Alexandre Pantoja has beaten some of the world’s best flyweights over 30 professional MMA bouts, and he holds two victories over current UFC king Brandon Moreno. That makes him dream bigger going into UFC 290 on Saturday in Las Vegas.
Pantoja was the backup fighter on two separate occasions in the UFC, but both title bouts went on without hiccups. Finally a title challenger, the pride of Arraial do Cabo, Brazil, meets Moreno a third time.
Pantoja ended the first clash via submission during an exhibition on The Ultimate Fighter in 2016, and two years later notched a dominant decision over Moreno.
“What changes now is that he’s the champion,” Pantoja said on a recent episode of MMA Fighting podcast Trocação Franca. “The confidence he has of being champion means a lot. To me, he’s a completely different fighter.
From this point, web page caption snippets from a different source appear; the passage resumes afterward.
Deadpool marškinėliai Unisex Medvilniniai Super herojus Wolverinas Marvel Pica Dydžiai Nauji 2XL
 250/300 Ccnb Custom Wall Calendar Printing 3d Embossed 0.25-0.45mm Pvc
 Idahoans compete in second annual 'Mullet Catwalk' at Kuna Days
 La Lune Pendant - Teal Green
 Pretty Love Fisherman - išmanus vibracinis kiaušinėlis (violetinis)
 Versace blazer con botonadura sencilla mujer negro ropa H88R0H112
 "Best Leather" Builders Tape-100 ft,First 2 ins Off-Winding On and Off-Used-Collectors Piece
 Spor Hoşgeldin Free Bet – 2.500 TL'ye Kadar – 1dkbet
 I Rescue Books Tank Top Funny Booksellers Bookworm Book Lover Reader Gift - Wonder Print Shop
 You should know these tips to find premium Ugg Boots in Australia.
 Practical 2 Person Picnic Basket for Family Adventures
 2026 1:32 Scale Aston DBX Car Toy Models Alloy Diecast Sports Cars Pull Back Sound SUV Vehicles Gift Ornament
I know that, but he’s someone I’ve beat before.
“I look him in the eyes, and I know where I can push. A lot of people say how much he has evolved — and he did, no doubt about it — but I’m at American Top Team for five years now, and I know how much I’ve evolved as well.
“I know he’s a different fighter, and that’s exactly what I expect. I really want to fight the best Moreno possible, you know? I’m sure he’ll give me that. He beat Deiveson Figueiredo dominantly. He knocked out Kai Kara-France, a very aggressive fighter that was making some noise in the division, with a clean knockout.”
Pantoja said Moreno has earned his success and has “such a beautiful story in the UFC.” But he ultimately wants to ruin it when they clash at the T-Mobile Arena. After that, he plans to pile on contender after contender until he’s reached legendary status.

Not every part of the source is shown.